In a statement titled “Evidence of Babylonian Destruction of Jerusalem Found at the City of David,” the Israel Antiquities Authority announced that several important artifacts from the ancient city of Jerusalem have recently been unearthed.
“Evidence of the destruction of Jerusalem at the hands of the Babylonians is currently being unearthed in the City of David in excavations conducted by the Israel Antiquities Authority,” it explained.
By conducting excavations on the eastern slope of the City of David, archaeologists discovered the remains of 2,500-year-old dwelling places covered by a rockslide.
“Nestled within the rockslide many findings have surfaced: charred wood, grape seeds, pottery, fish scales and bones, and unique, rare artifacts,” the Israel Antiquities Authority announced. “These findings depict the affluence and character of Jerusalem, capital of the Judean Kingdom, and are mesmerizing proof of the city’s demise at the hands of the Babylonians.”

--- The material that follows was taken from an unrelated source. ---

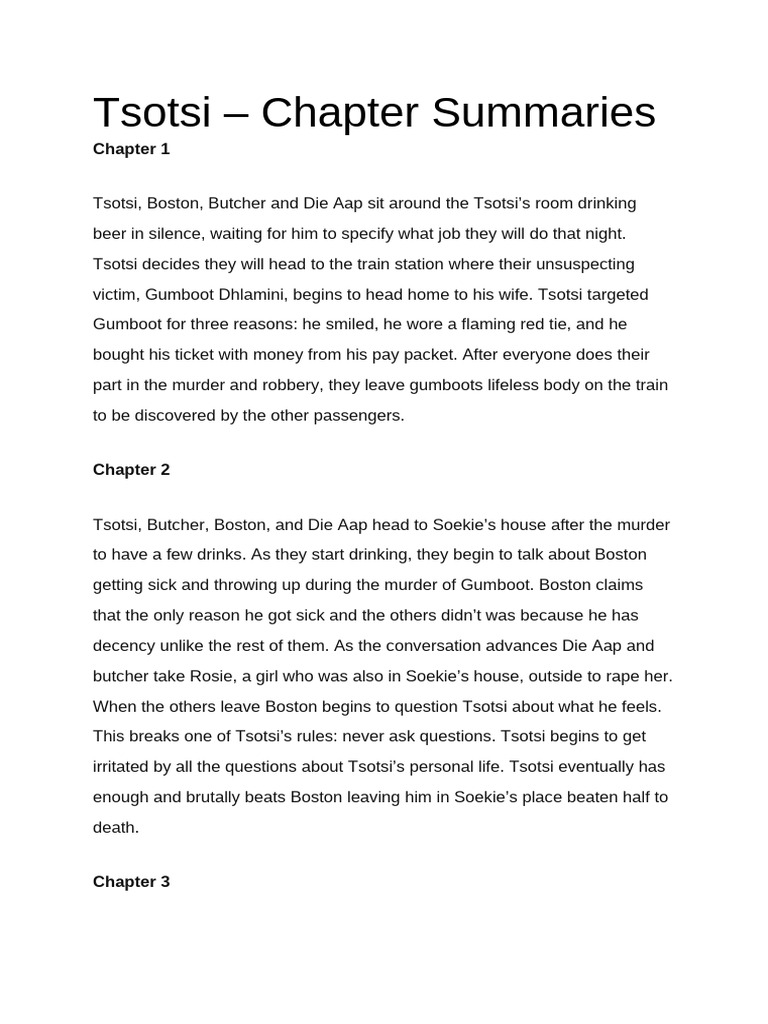 Tsotsi Chapter Summaries and Analysis | PDF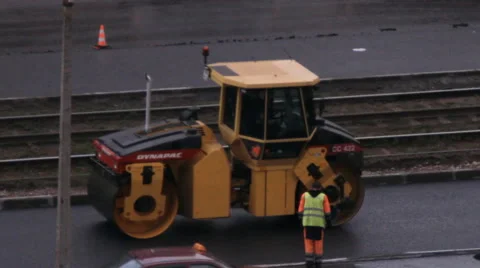 Road construction, asphalt paving projects Stock Footage 47786714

This discovery of charred wood confirms the biblical account of the fiery destruction of Jerusalem at the hands of the Babylonians, which took place in 587 B.C. and is recorded in the Bible in 2 Kings 25 and Jeremiah 52.
“Nebuzar-adan, captain of the guard, which served the king of Babylon, [came] into Jerusalem, And burned the house of the LORD, and the king’s house; and all the houses of Jerusalem, and all the houses of the great men, burned he with fire,” Jeremiah 12 says.
Archaeologists also uncovered dozens of jugs in the excavation, some of which feature seals stamped onto them. Experts say these seals are significant for dating purposes.
“These seals are characteristic of the end of the First Temple Period and were used for the administrative system that developed towards the end of the Judean dynasty,” explained Ortal Chalaf and Dr. Joe Uziel, Israel Antiquities Authority excavation directors. “Classifying objects facilitated controlling, overseeing, collecting, marketing and storing crop yields.”
Another noteworthy finding was a carefully-carved ivory figurine, which is evidence of Jerusalem’s wealth and advanced culture at the time.
“The wealth of the Judean kingdom’s capital is also manifest in the ornamental artifacts surfacing in situ,” explained the archaeologists. “One distinct and rare finding is a small ivory statue of a woman. The figure is naked, and her haircut or wig is Egyptian in style. The quality of its carving is high, and it attests to the high caliber of the artifacts’ artistic level and the skill par excellence of the artists during this era.”
According to the excavation directors, these recent discoveries prove that Jerusalem was a large city prior to its destruction.
“The excavation’s findings unequivocally show that Jerusalem had spread outside of the city walls before its destruction, Chalaf and Uziel said. “A row of structures currently under excavation appears beyond the city wall that constituted the eastern border of the city during this period. Throughout the Iron Age, Jerusalem underwent constant growth, expressed both in the construction of the city wall and the fact that the city later spread beyond it.”
“Excavations carried out in the past in the area of the Jewish Quarter have shown how the growth of the community at the end of the 8th Century BCE caused the annexation of the western area of Jerusalem,” they added. “In the current excavation, we may suggest that following the westward expansion of the city, structures were built outside of the wall’s border on the east as well.”